The only advantage newspapers have now (besides the feel of the paper) is that they are portable and disposable. But you can't read them in the dark, and they don't update their content automatically. As Tablet PC's become common and cheap the portability aspect of papers will be outdone and there will be nothing except the feel of the paper to sell them. And that's not worth enough to enough people to keep papers alive.

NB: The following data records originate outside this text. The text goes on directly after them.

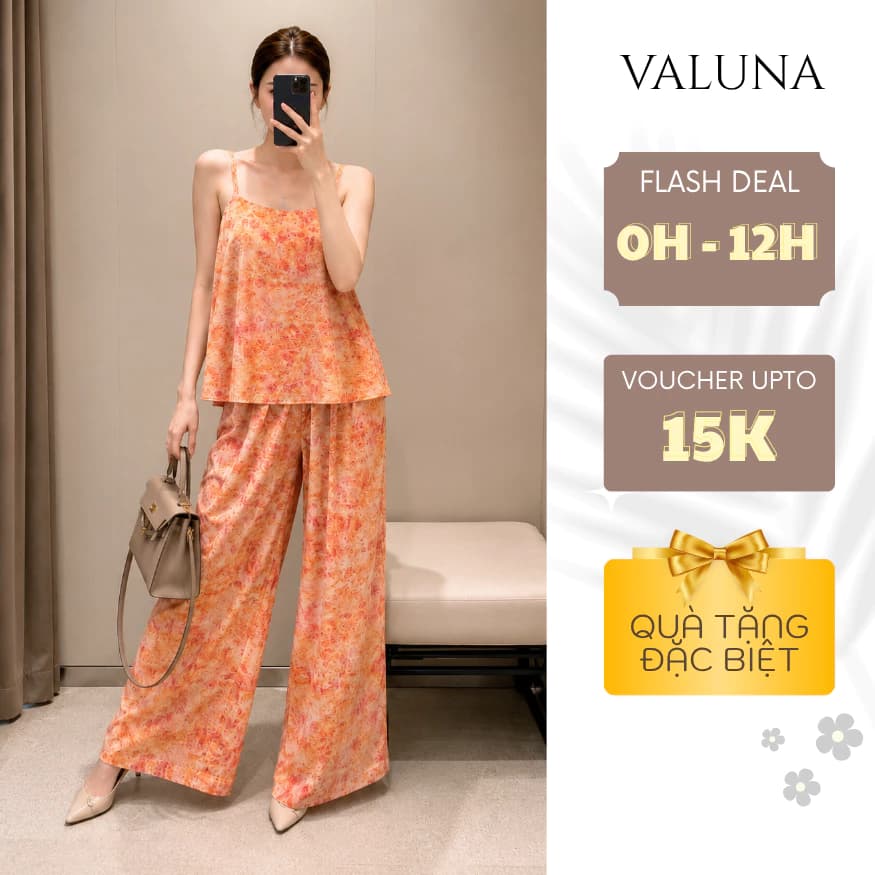 Set Áo Hai Dây Họa Tiết Loang Nghệ Thuật Phối Quần Suông Ống Rộng Mềm Mát Cao Cấp VALUNA STORE 2680
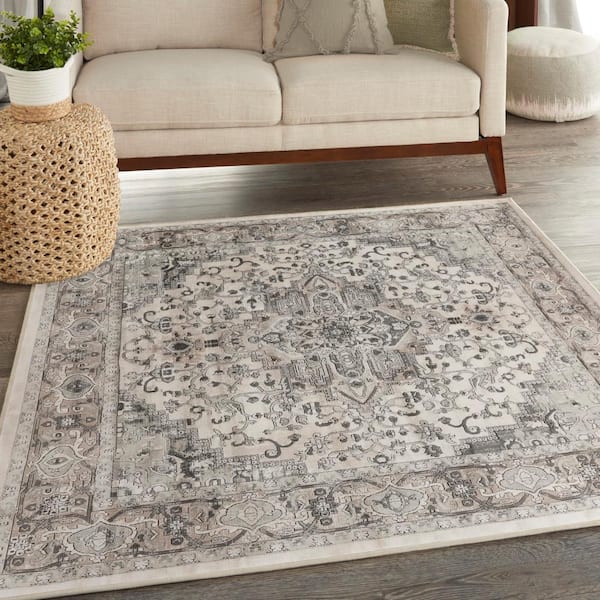 Concerto Ivory Grey 5 ft. x 5 ft. Center medallion Traditional Square Area Rug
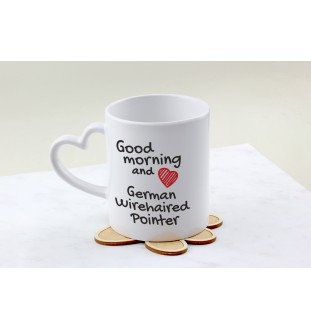 German Wirehaired Pointer - cup with a dog, adorable cup with a heart-shaped handle, universal gift from the Art-Dog brand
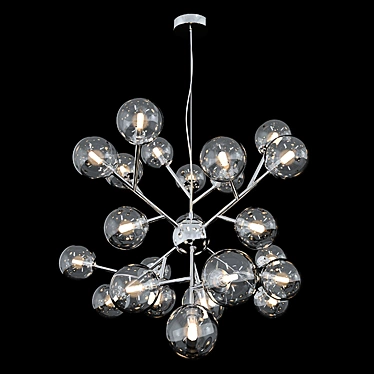 Dallas Chrome Pendant Lamp with Smoky Glass Shades 3D model image 1 
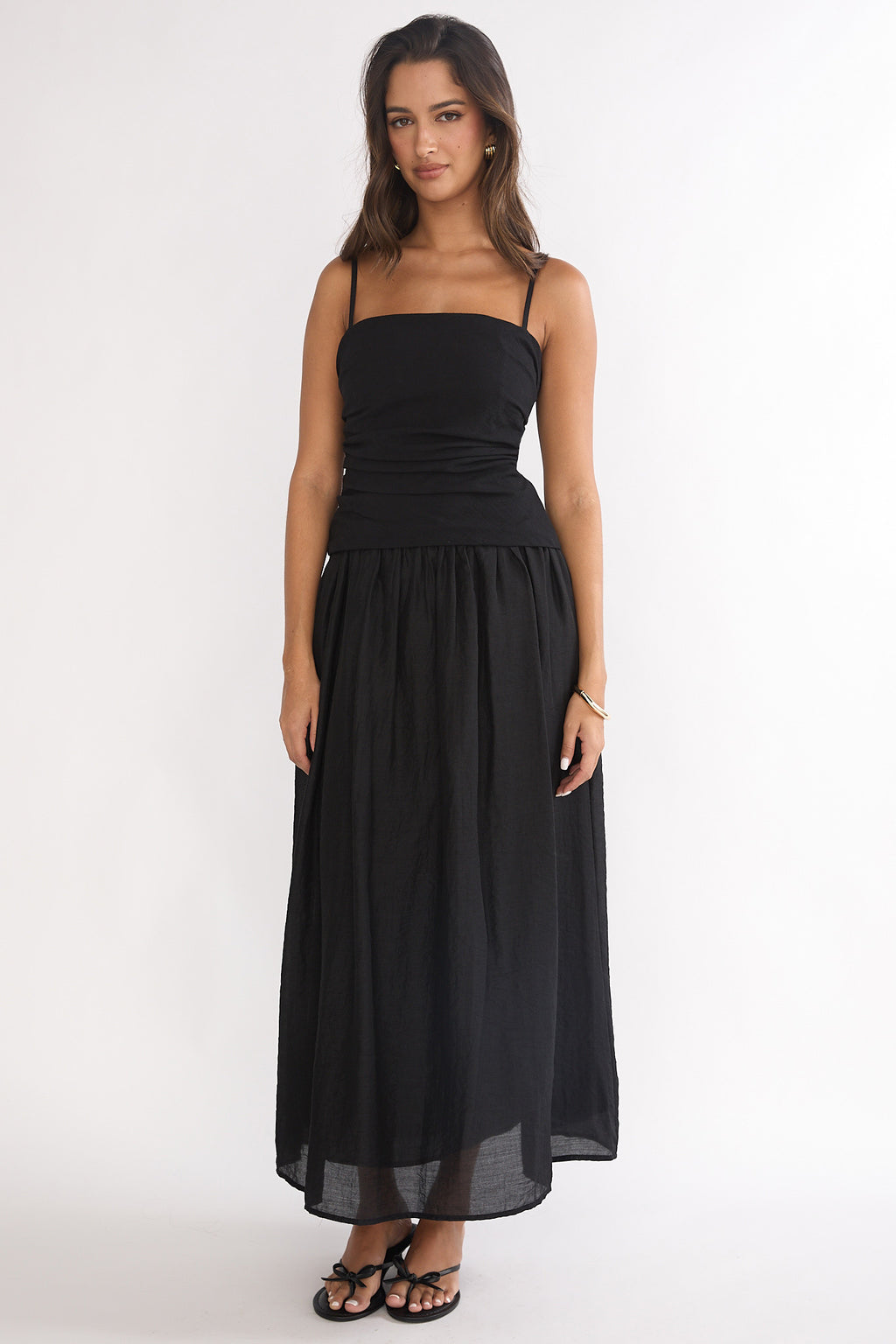 Tobi Square Neck A-Line Maxi Dress Black by Selfie Leslie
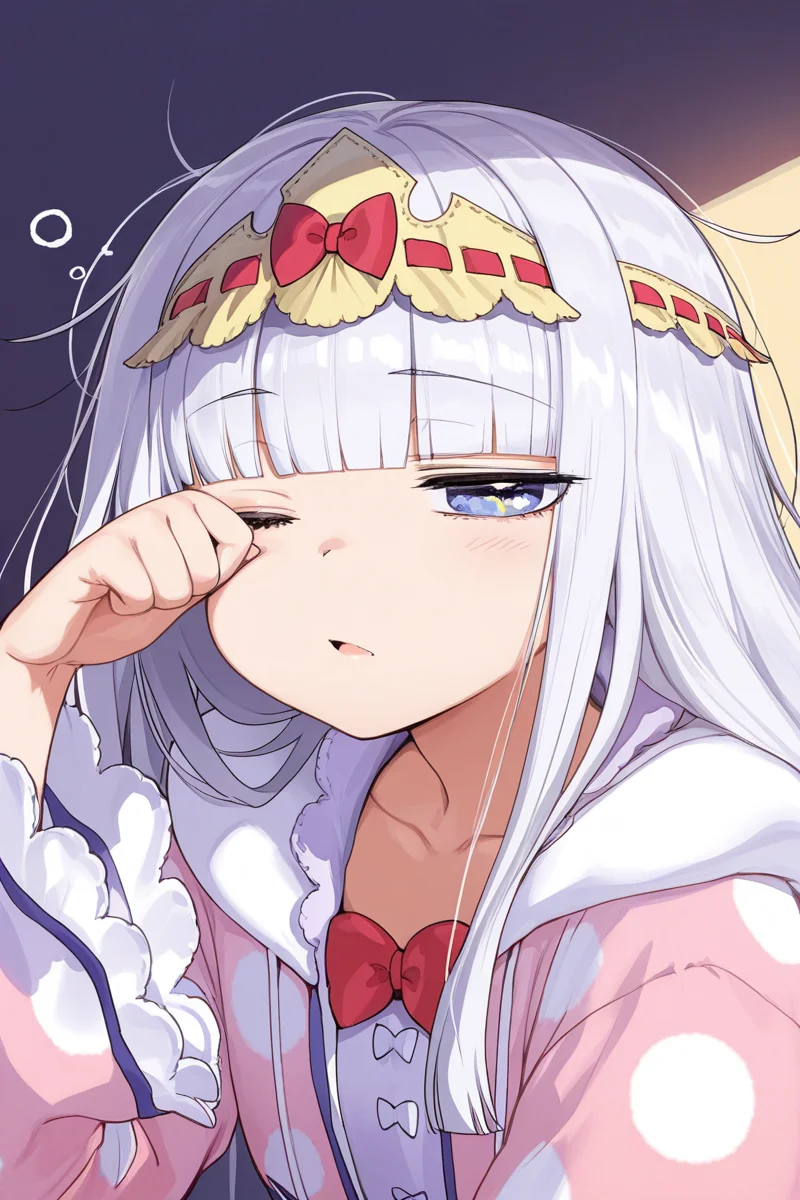 masterpiece, best quality, amazing quality,
<lora:Syalis_IL:1> syalis, 1girl, star in eye, symbol in eye, long hair, red bow, solo, bangs, sleepy, polka dot, blunt bangs, default outfit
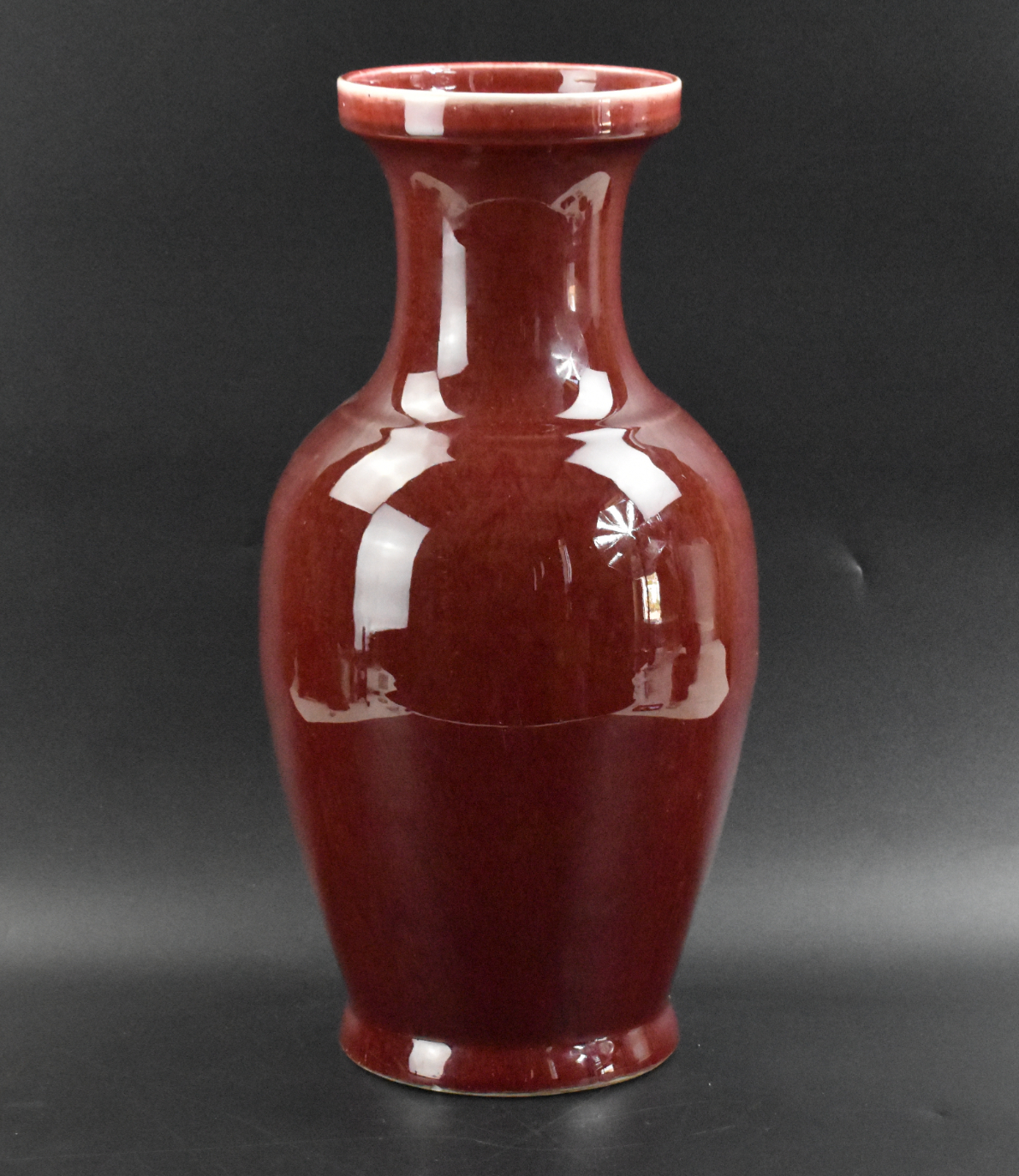 CHINESE OXBLOOD RED GLAZED VASE A
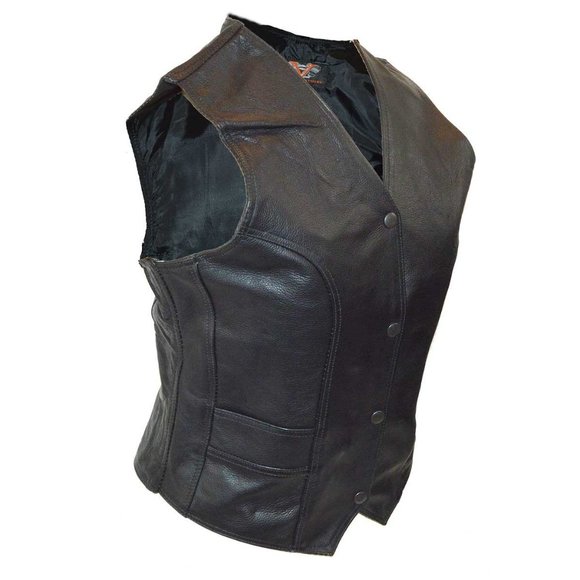 Ladies Plain Side Vest with Gun Pockets - Picture 2 of 5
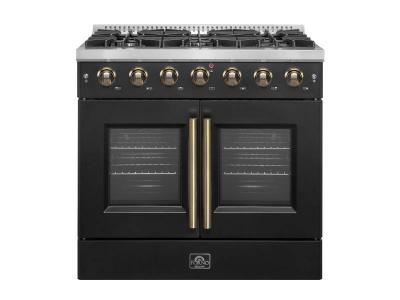 36" Forno 5.36 Cu. Ft. Galiano French Door Gas Range - FFSGS6444-36BLK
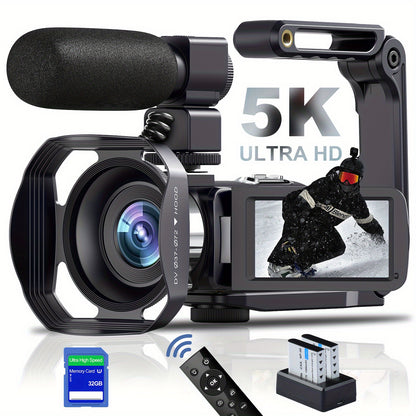 5K 30fbs camera Ultra HD camera has a 3.0-inch ultra-clear touch screen to support charging and recording, HDMI-OUT to support external MIC-IN to take pictures of 64 million pixels, and 5k ultra HD video digital camera.
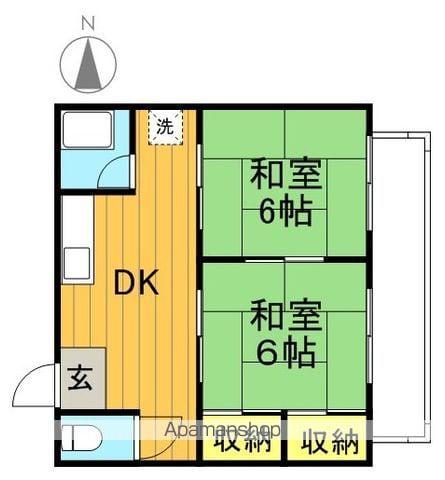 あぶくま荘(2DK/2階)の間取り写真
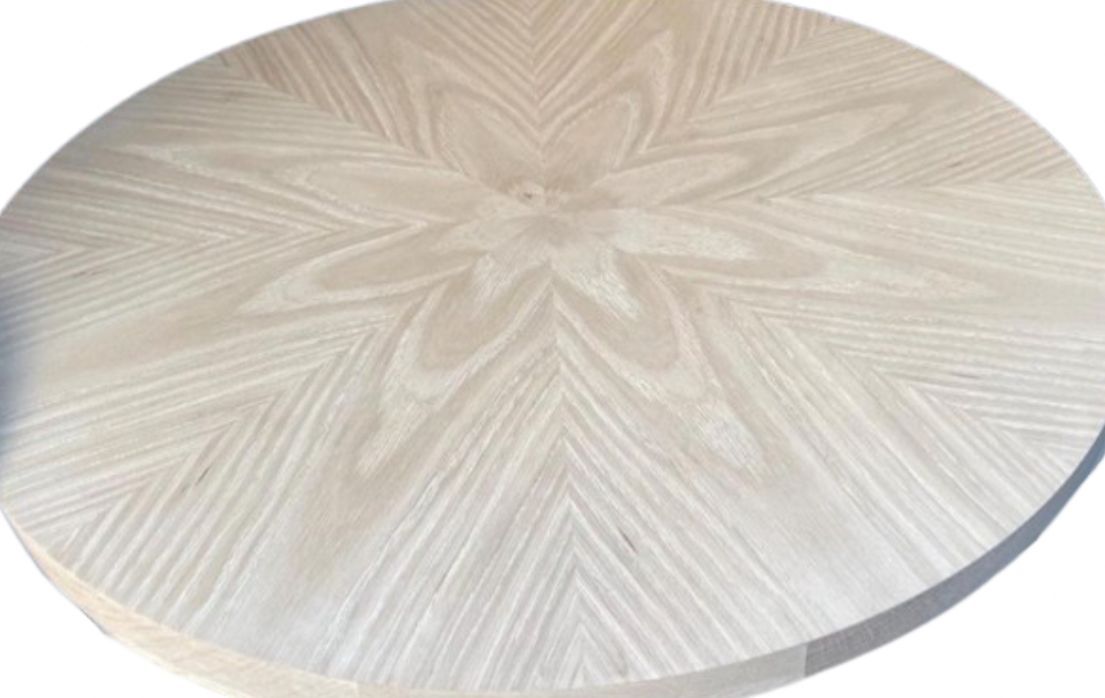 Custom Made to Order Round W. Oak Starburst Wood Table Top Made in USA Custom Made to Order Round W. Oak Starburst Wood Table Top Made in USA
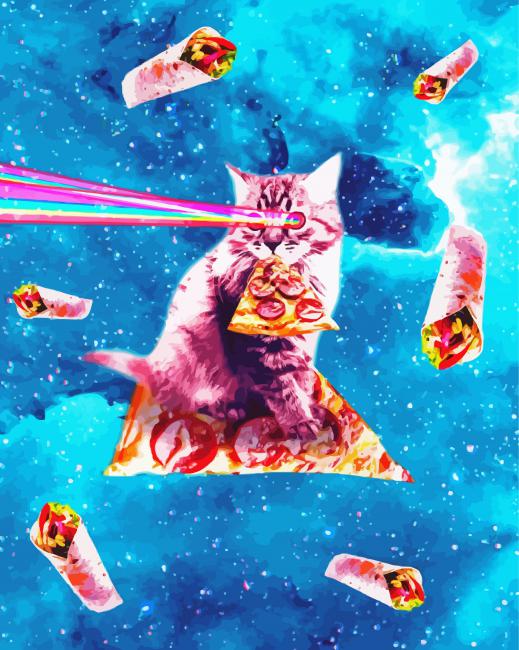 Cat Eating Pizza paint by numbers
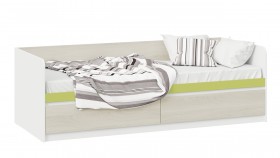 Кровать «Сканди» с 2 ящиками Дуб Гарден/Белый/Зеленый в Марьяновке - maryanovka.katalogmebeli.com | фото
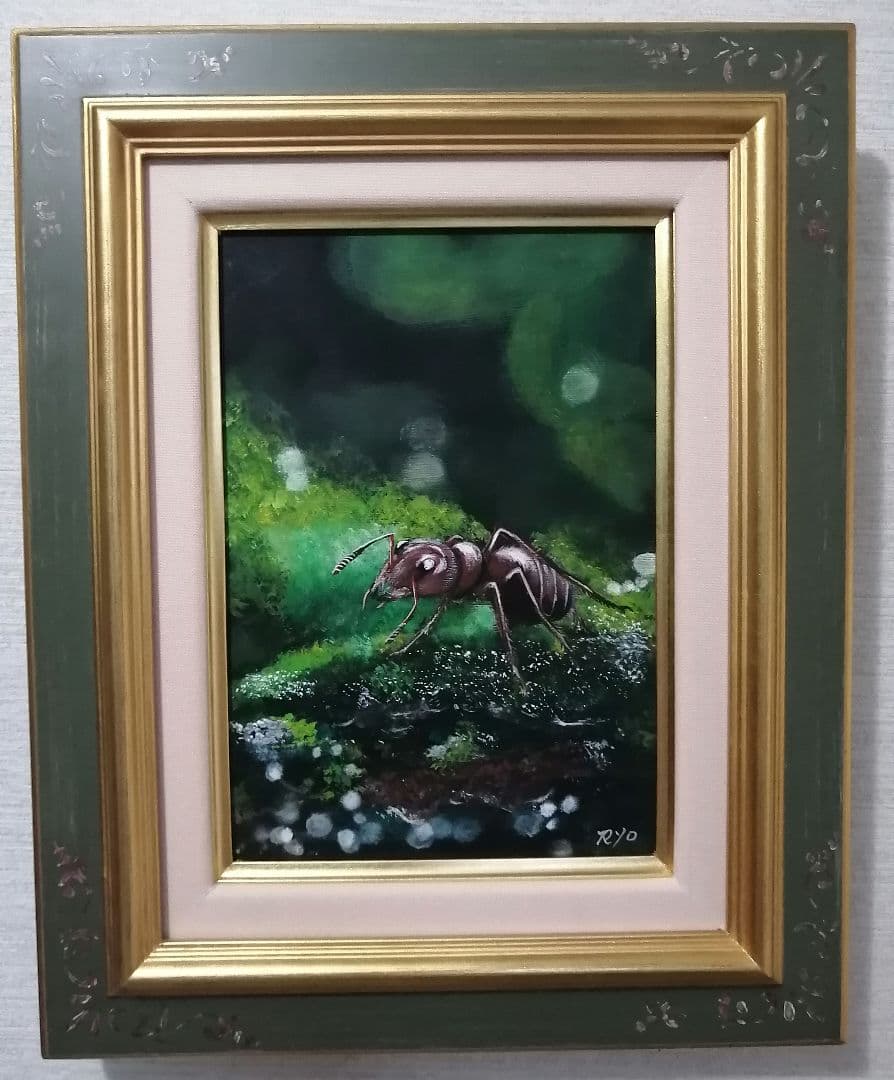 絵画　アクリル絵　額縁　ボード　蟻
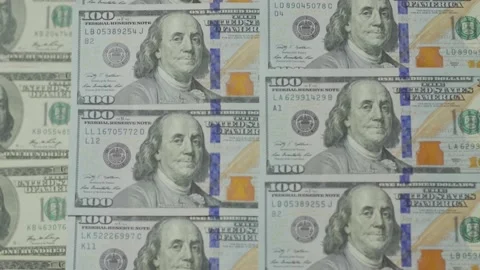 100 Bills Of Dollars Stock Footage 131417687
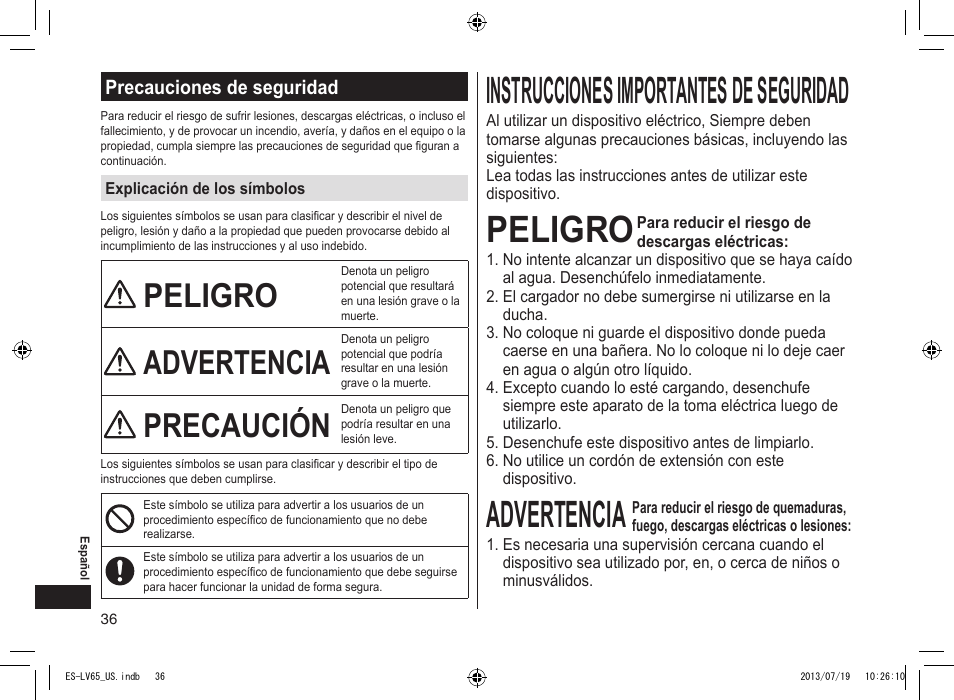 Precauciones de seguridad, Instruccionesimportantesdeseguridad, Peligro | Advertencia, Precaución | Panasonic ES-LV65-S User Manual | Page 36 / 52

In my opinion NewsPapers are already dead, the corpse just hasn't been buried yet.
Walter Hinteler
 
  1  
Reply Sat 17 Oct, 2009 08:58 pm
@msolga,
msolga wrote:
But I suspect this might have more appeal to potential subscribers (& also might be more financially viable for the publisher) as an ongoing weekly subscription, rather than a daily publication.


I suppose so, too.
0 Replies
 
Walter Hinteler
 
  1  
Reply Sat 17 Oct, 2009 09:00 pm
@rosborne979,
rosborne979 wrote:

The only advantage newspapers have now (besides the feel of the paper) is that they are portable and disposable. But you can't read them in the dark, and they don't update their content automatically. As Tablet PC's become common and cheap the portability aspect of papers will be outdone and there will be nothing except the feel of the paper to sell them. And that's not worth enough to enough people to keep papers alive.

In my opinion NewsPapers are already dead, the corpse just hasn't been buried yet.



Certainly newspapers have the above mentioned negative aspects.

But fortunately, they aren't here as dead as they are in the USA.

Not yet.
rosborne979
 
  1  
Reply Sat 17 Oct, 2009 09:05 pm
@Walter Hinteler,
Walter Hinteler wrote:
Not yet.

Sorry to say, but "yet" is probably the operative word.